"I made $150 on the street last week," said Renee Altman. "But the week before that I only made $30." For Altman, 30, "the street" is the sidewalk in front of the century-old Eastern Market at 7th and C Streets SE. On Saturday mornings, a few feet from the fresh eggs and cabbages Altman and four other professional potters offer their lasagna dishes, hanging planters and beer mugs.
Three years ago, Altman chucked her 9-to-5 job as a researcher for the Smithsonian to become a full-time potter. Now, with a 60-hour,seven-day week at about half her former salary, she says she doesn't regret the move.
"It's a more pleasing way of life," she said, citing "the physicialness of pottery as opposed to all that intellectual stuff."
"Financially, things are improving, and my cleaning bills have gone way down," she added, pointing to her studio garb of clay-spattered jeans and an old shirt covered by a smock. Altman and the other potters who work full-time at Eastern Market Pottery are washing their jeans, straightening up their studio and inviting the public in for an open house, show and sale Saturday (10 to 6) and Sunday (10 to 5).
The studio, a large room where the sun streams down through a huge skylight, is on the second floor of the old market, in what was once a tearoom. You enter through an alley at the rear. "Just follow your nose," said Altman - the entrance adjoins the Southern Maryland Seafood Co. Big, dusty sacks of clay are piled high beside the winding, lighthouse-type staircase to the studio.
"Don't get too close," warned Altman, as flames darted out between the bricks of one of the giant kilns in what used to be the tearoom kitchen. The potters take turns using the kilns, and Ellen Jaffe was firing her wares.
While her pitchers and vasess "cooked," Jaffe wedged clay on a table in the studio. "It's the opposite of kneading," she explained. "The object is to get the air bubbles out, not in. It's a Japanese technique called the chrysanthemum method," she said, pointing out flower-like folds in clay. "While what's outside is going inside, what's inside is going outside."
Like Altman, Jaffe, 31, turned to pottery from a more conventional occupation. She has worked for the District, certifying people for food stamps, and taught art at an alternative school. When the school folded last year, Jaffe decided to try to make a living at pottery.

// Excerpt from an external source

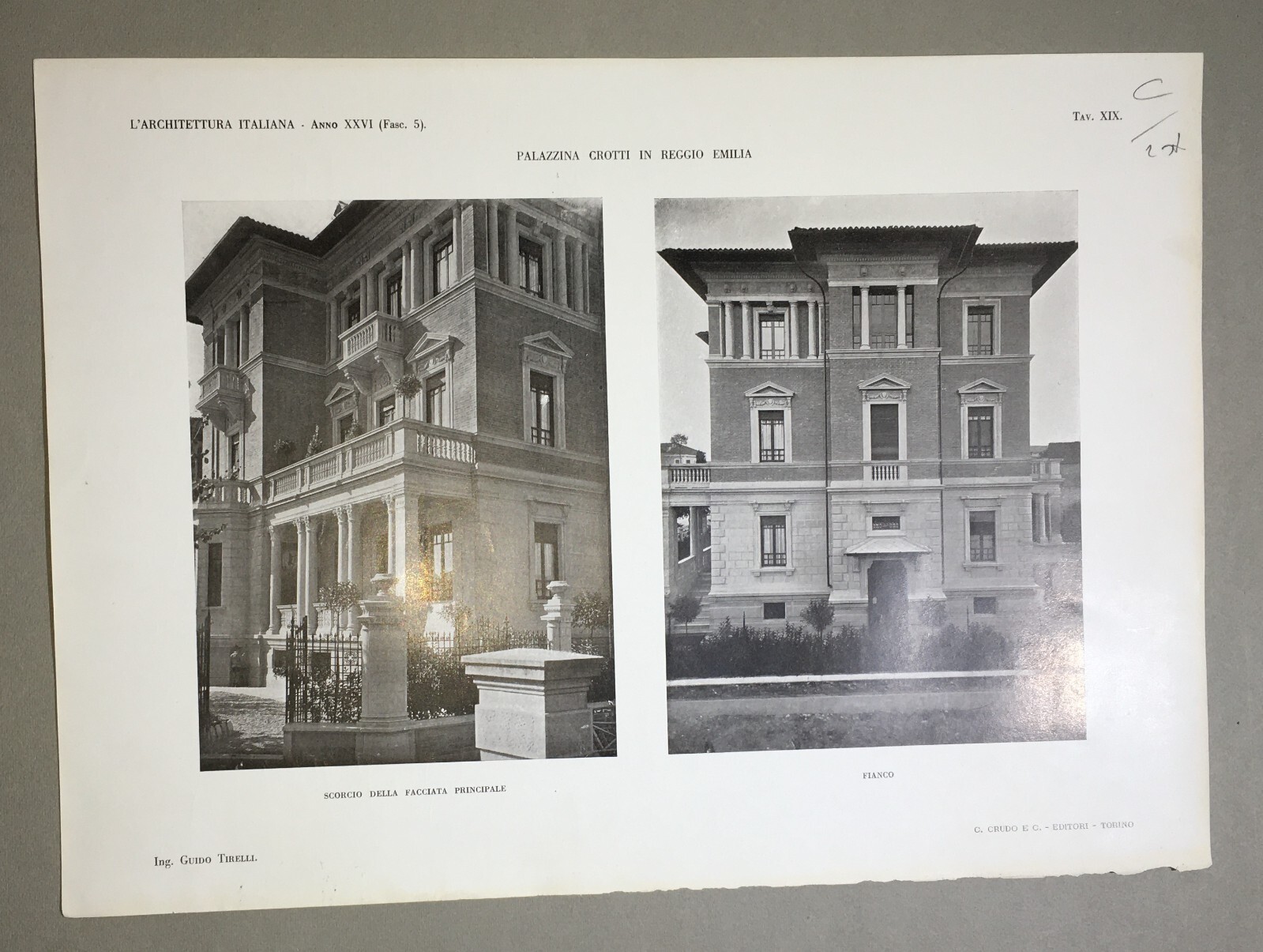 Reggio Emilia: Architettura E Ingegneria, Ing. Guido Tirelli, Palazzina Crotti   Due Stampe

All the potters do chores to pay for the space and materials the studio provides. Altman mixes clay, jaffe mixes glazes. Caitrine Curley, 26, cleans the studio. "I'm sorry," Jaffe apologized, "I got clay on your floor."
Grimacing good-naturedly, Curley explained that she had recently quit a job as a twice-a-week cleaning lady. A 1973 college graduate, Curley had used the domestic work to support her pottery habit but is now trying to make pottery pay its own way. Curley is more interested in form and simplicity than in decoration. "My work is quiet," she said. It's also humorous: Curley tends to put funny faces in odd places - on the lids of cannisters, for example, or the rims of soap dishes.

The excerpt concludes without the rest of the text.